### Supplied records
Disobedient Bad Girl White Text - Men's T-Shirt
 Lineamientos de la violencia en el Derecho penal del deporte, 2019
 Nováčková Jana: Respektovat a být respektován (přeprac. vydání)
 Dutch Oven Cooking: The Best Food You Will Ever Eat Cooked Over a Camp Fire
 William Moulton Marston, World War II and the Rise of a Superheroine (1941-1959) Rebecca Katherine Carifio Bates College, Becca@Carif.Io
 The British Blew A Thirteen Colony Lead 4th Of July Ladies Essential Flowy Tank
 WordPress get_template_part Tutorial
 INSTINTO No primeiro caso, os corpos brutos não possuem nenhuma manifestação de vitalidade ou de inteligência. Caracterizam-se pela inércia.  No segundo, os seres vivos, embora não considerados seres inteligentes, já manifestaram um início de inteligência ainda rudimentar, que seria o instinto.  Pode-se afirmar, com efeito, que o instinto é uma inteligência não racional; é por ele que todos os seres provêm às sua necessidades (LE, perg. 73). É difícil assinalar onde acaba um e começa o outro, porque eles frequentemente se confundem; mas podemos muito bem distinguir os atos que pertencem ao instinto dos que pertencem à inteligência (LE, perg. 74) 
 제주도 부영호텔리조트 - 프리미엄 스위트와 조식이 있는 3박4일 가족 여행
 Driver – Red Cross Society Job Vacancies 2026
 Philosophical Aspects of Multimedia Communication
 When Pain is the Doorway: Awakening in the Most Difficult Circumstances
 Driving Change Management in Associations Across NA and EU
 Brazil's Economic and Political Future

### Aim of the exercise
Output only the lines from the one containing "제주도 부영호텔리조트 - 프리미엄 스위트와 조식이 있는 3박4일 가족 여행" through the end of the material, please, exactly as they appear.

### Solution for this exercise
 제주도 부영호텔리조트 - 프리미엄 스위트와 조식이 있는 3박4일 가족 여행
 Driver – Red Cross Society Job Vacancies 2026
 Philosophical Aspects of Multimedia Communication
 When Pain is the Doorway: Awakening in the Most Difficult Circumstances
 Driving Change Management in Associations Across NA and EU
 Brazil's Economic and Political Future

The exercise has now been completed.